Brief descriptive captions:

Start of Block

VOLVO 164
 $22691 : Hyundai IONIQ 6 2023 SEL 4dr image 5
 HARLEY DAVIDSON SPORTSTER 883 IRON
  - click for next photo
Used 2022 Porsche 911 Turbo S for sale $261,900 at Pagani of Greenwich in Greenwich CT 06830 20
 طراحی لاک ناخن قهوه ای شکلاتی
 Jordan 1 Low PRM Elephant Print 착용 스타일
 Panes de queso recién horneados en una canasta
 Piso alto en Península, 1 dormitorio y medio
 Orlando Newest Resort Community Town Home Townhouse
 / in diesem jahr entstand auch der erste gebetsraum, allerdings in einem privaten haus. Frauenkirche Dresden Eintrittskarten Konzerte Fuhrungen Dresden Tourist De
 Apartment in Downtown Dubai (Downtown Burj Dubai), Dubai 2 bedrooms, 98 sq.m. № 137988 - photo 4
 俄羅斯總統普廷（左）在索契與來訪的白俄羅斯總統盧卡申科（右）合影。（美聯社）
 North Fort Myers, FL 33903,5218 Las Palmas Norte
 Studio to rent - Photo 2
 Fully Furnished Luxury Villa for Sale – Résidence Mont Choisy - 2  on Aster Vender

End of Block

**Exercise objective**
The line with "Jordan 1 Low PRM Elephant Print 착용 스타일" and all lines after it through the end of the data above: write these out exactly and add nothing.

**Solution for this problem**
 Jordan 1 Low PRM Elephant Print 착용 스타일
 Panes de queso recién horneados en una canasta
 Piso alto en Península, 1 dormitorio y medio
 Orlando Newest Resort Community Town Home Townhouse
 / in diesem jahr entstand auch der erste gebetsraum, allerdings in einem privaten haus. Frauenkirche Dresden Eintrittskarten Konzerte Fuhrungen Dresden Tourist De
 Apartment in Downtown Dubai (Downtown Burj Dubai), Dubai 2 bedrooms, 98 sq.m. № 137988 - photo 4
 俄羅斯總統普廷（左）在索契與來訪的白俄羅斯總統盧卡申科（右）合影。（美聯社）
 North Fort Myers, FL 33903,5218 Las Palmas Norte
 Studio to rent - Photo 2
 Fully Furnished Luxury Villa for Sale – Résidence Mont Choisy - 2  on Aster Vender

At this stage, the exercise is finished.